After all the decadence of last weekend, I thought I’d cook something light yet filling. But an entire blog post dedicated to Roast Pumpkin Soup?! Why not, if it’s a celebration of that beautiful, fleshy orange-yellow fruit!
Yes, pumpkin is technically a fruit since it grows from a flower and bears seeds. It is widely grown across the world. Did you know that India is one of the largest international producers of pumpkins, apart from the United States, Canada, Mexico & China?
Apart from turning into a carriage for Cinderella, pumpkins have many other uses – in cooking, as animal feed, making pumpkin seed oil and of course for making Jack-o’-lanterns for Halloween! While cooking, pumpkins can be boiled, baked, steamed or roasted. My personal favourite is roasting, which gives a slightly sweet, caramel-ey flavour to the pumpkin and also a beautiful colour.
"If herbs didn't exist, I'd give up cooking tomorrow" says Jamie Oliver, and I completely get that sentiment. Though, I can't decide whether basil or rosemary is my favourite herb! For this recipe, I like to add a few sprigs of rosemary from my kitchen garden to impart its pungent, pine-like aroma to the soup.
This recipe makes 2 generous servings.
- 200g Pumpkin
- 1 medium Onion
- 3 cloves of Garlic
- 1 small Carrot
- Few sprigs of Rosemary
- Salt & Pepper
- Olive oil
- 400ml Vegetable Stock
- Grated Parmigiano and small sprig of Rosemary to garnish
- Clean, peel and slice the pumpkin. Some recipes suggest that you cut the pumpkin into large pieces and roast, but I find that this increases the roasting time and also doesn’t cook the pumpkin evenly.

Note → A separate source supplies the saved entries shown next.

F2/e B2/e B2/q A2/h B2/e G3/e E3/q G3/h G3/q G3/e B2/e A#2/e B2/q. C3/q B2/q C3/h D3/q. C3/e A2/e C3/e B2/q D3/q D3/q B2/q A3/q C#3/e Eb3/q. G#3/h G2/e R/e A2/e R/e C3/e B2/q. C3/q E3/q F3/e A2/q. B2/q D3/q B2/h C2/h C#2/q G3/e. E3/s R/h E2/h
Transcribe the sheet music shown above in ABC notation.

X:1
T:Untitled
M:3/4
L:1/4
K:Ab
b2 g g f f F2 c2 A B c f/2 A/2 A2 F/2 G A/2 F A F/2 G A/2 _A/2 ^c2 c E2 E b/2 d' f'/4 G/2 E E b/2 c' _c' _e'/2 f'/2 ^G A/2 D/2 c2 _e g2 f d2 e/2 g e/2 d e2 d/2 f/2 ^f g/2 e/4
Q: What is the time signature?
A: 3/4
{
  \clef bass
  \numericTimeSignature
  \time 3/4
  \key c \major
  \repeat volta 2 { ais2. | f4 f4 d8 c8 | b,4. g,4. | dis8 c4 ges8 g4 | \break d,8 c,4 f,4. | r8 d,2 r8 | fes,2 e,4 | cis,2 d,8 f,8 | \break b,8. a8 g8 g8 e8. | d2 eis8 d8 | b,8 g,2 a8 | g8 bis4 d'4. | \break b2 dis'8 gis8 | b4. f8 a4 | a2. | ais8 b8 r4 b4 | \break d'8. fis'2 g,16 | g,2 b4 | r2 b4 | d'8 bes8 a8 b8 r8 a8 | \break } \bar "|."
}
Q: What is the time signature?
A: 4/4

- Roughly chop the onion, garlic and carrots.
- Place everything on a baking tray. Add the rosemary, salt & pepper.
- Drizzle lightly with olive oil and mix well using your hands. Spread it out evenly on the tray.
- Roast in a preheated oven at 220C for 30 minutes. Remove the tray midway and turn over all the ingredients so that they get roasted on both sides.
- Remove and cool. Transfer to the food processor; add a quarter of the stock and blitz to form a puree. You can make the puree as chunky or smooth as you like. I leave it slightly chunky to give some texture to the soup.
- Transfer the puree to a saucepan and add the rest of the vegetable stock. Bring to a boil. Cool slightly and transfer to serving bowls.
- Garnish with some grated parmigiano and a sprig of rosemary. Enjoy the soup as a light, healthful dinner!